Task instructions:
Whichever lines include the word "venda", copy them as they appear in the data.

Caption-style text data:
------------------------

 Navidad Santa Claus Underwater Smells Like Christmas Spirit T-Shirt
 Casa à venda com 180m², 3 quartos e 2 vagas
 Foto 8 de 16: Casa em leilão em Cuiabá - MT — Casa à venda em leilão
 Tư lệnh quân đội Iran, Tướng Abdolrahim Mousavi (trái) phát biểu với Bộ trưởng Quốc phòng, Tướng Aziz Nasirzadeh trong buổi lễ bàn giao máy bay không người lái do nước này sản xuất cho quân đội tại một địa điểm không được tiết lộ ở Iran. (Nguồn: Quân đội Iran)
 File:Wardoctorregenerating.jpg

------------------------

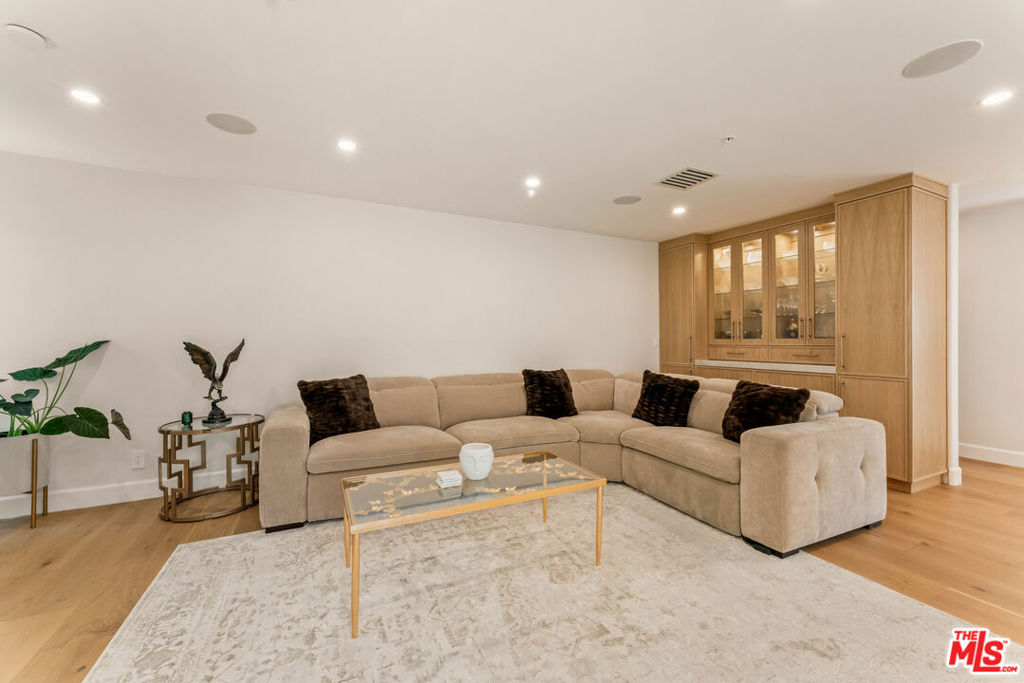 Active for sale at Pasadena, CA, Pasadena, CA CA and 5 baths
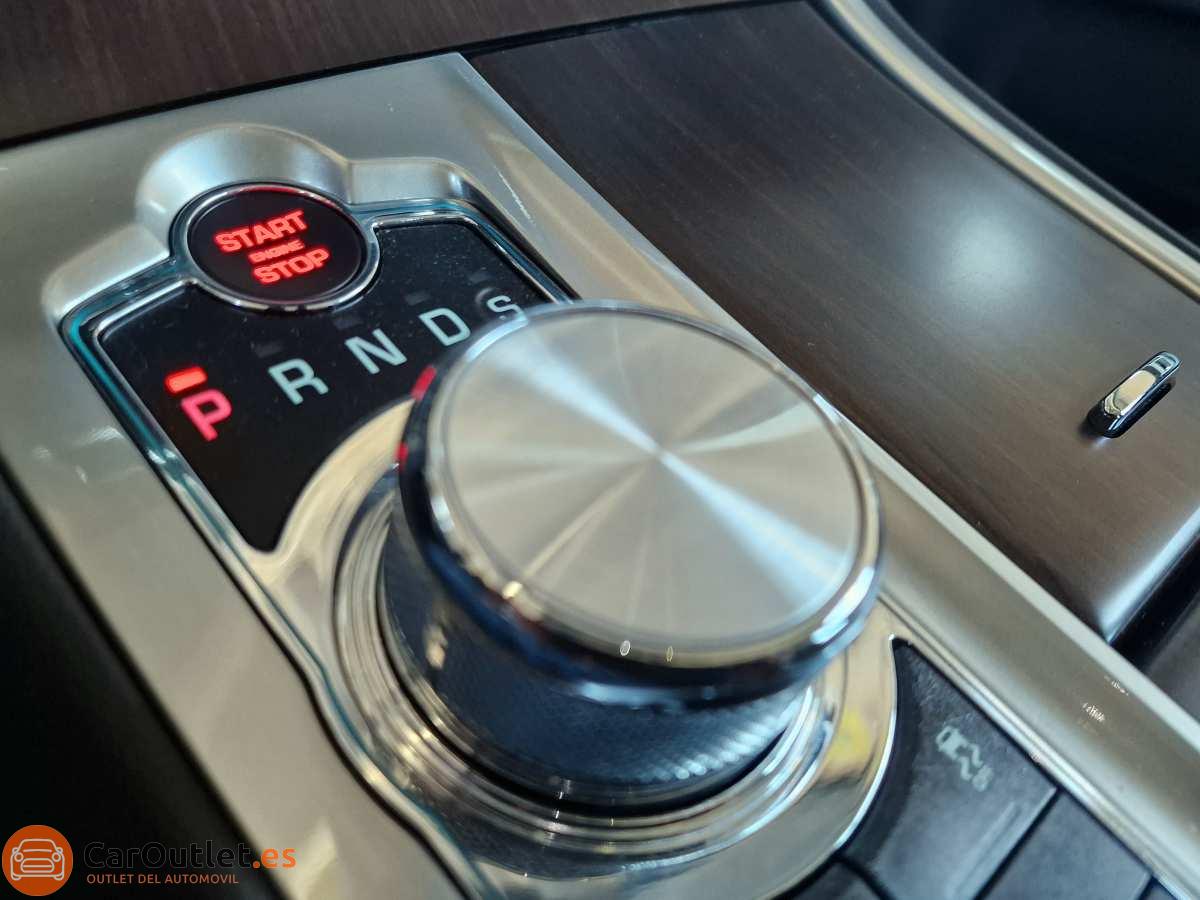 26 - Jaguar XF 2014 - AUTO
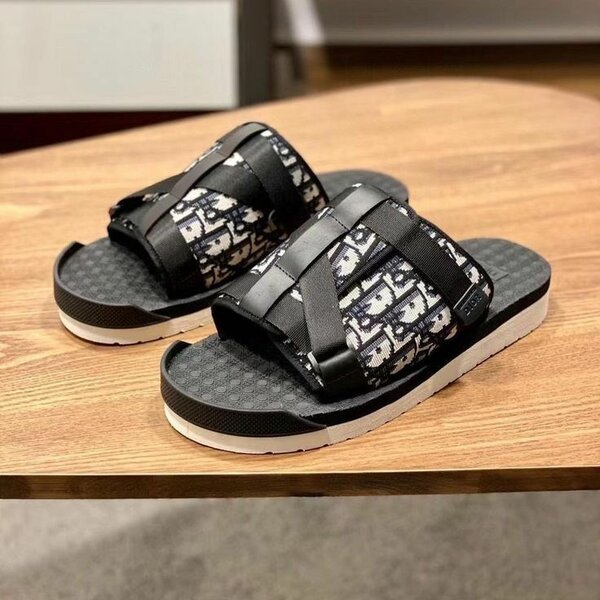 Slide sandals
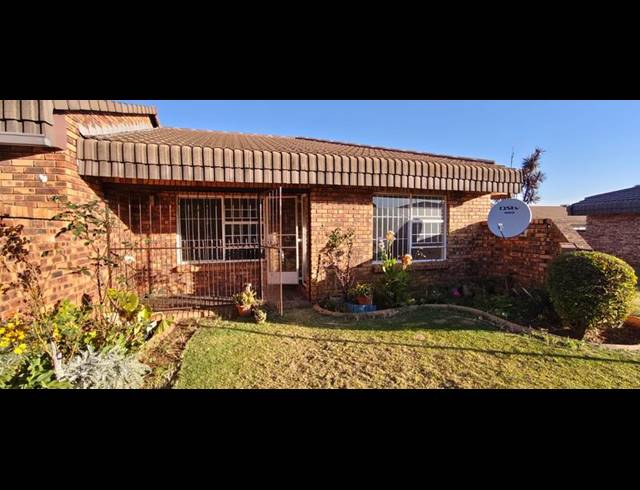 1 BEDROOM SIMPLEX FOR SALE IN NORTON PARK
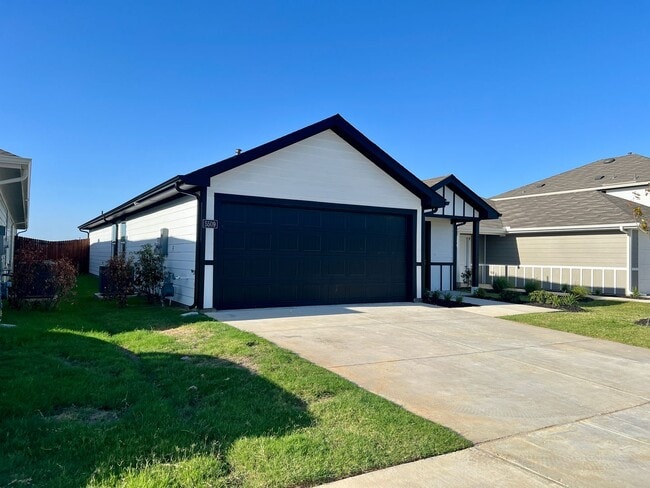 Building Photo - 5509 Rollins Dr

------------------------

Response:
 Casa à venda com 180m², 3 quartos e 2 vagas
 Foto 8 de 16: Casa em leilão em Cuiabá - MT — Casa à venda em leilão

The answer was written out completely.